### REQUIREMENT
Which lines run from the one containing "Ralf Kucklick - Ergo Versicherung map" to the end of the records? Write them out exactly, both ends included, and nothing else.

### Web page caption snippets
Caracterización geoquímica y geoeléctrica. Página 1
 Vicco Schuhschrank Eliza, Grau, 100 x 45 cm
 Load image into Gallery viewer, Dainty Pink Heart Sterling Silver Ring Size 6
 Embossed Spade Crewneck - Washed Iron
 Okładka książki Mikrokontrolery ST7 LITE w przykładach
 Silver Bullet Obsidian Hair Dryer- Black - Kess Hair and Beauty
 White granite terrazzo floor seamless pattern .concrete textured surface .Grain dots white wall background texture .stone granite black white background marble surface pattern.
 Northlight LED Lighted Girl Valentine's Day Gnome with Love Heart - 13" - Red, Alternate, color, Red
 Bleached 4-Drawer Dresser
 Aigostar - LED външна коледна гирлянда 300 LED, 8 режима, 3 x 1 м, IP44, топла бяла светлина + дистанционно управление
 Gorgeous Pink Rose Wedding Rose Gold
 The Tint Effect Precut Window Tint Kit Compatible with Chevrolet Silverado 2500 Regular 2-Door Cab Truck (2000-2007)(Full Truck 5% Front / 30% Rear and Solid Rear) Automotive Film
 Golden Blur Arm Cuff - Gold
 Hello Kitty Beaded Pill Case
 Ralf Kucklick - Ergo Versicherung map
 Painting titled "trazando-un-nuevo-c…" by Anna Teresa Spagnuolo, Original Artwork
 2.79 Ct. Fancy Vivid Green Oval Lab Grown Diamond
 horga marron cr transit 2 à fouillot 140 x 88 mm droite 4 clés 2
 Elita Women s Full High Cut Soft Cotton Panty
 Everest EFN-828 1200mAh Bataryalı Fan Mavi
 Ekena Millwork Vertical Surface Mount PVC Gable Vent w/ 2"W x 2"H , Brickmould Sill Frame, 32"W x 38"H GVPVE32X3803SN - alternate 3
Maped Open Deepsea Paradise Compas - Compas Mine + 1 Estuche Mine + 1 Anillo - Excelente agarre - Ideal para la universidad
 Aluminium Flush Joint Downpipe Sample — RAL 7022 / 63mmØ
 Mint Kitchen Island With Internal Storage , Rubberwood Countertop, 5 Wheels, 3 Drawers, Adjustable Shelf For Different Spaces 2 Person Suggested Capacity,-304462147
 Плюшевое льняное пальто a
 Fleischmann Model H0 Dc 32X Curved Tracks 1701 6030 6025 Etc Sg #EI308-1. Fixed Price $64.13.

### SOLVED EXERCISE
 Ralf Kucklick - Ergo Versicherung map
 Painting titled "trazando-un-nuevo-c…" by Anna Teresa Spagnuolo, Original Artwork
 2.79 Ct. Fancy Vivid Green Oval Lab Grown Diamond
 horga marron cr transit 2 à fouillot 140 x 88 mm droite 4 clés 2
 Elita Women s Full High Cut Soft Cotton Panty
 Everest EFN-828 1200mAh Bataryalı Fan Mavi
 Ekena Millwork Vertical Surface Mount PVC Gable Vent w/ 2"W x 2"H , Brickmould Sill Frame, 32"W x 38"H GVPVE32X3803SN - alternate 3
Maped Open Deepsea Paradise Compas - Compas Mine + 1 Estuche Mine + 1 Anillo - Excelente agarre - Ideal para la universidad
 Aluminium Flush Joint Downpipe Sample — RAL 7022 / 63mmØ
 Mint Kitchen Island With Internal Storage , Rubberwood Countertop, 5 Wheels, 3 Drawers, Adjustable Shelf For Different Spaces 2 Person Suggested Capacity,-304462147
 Плюшевое льняное пальто a
 Fleischmann Model H0 Dc 32X Curved Tracks 1701 6030 6025 Etc Sg #EI308-1. Fixed Price $64.13.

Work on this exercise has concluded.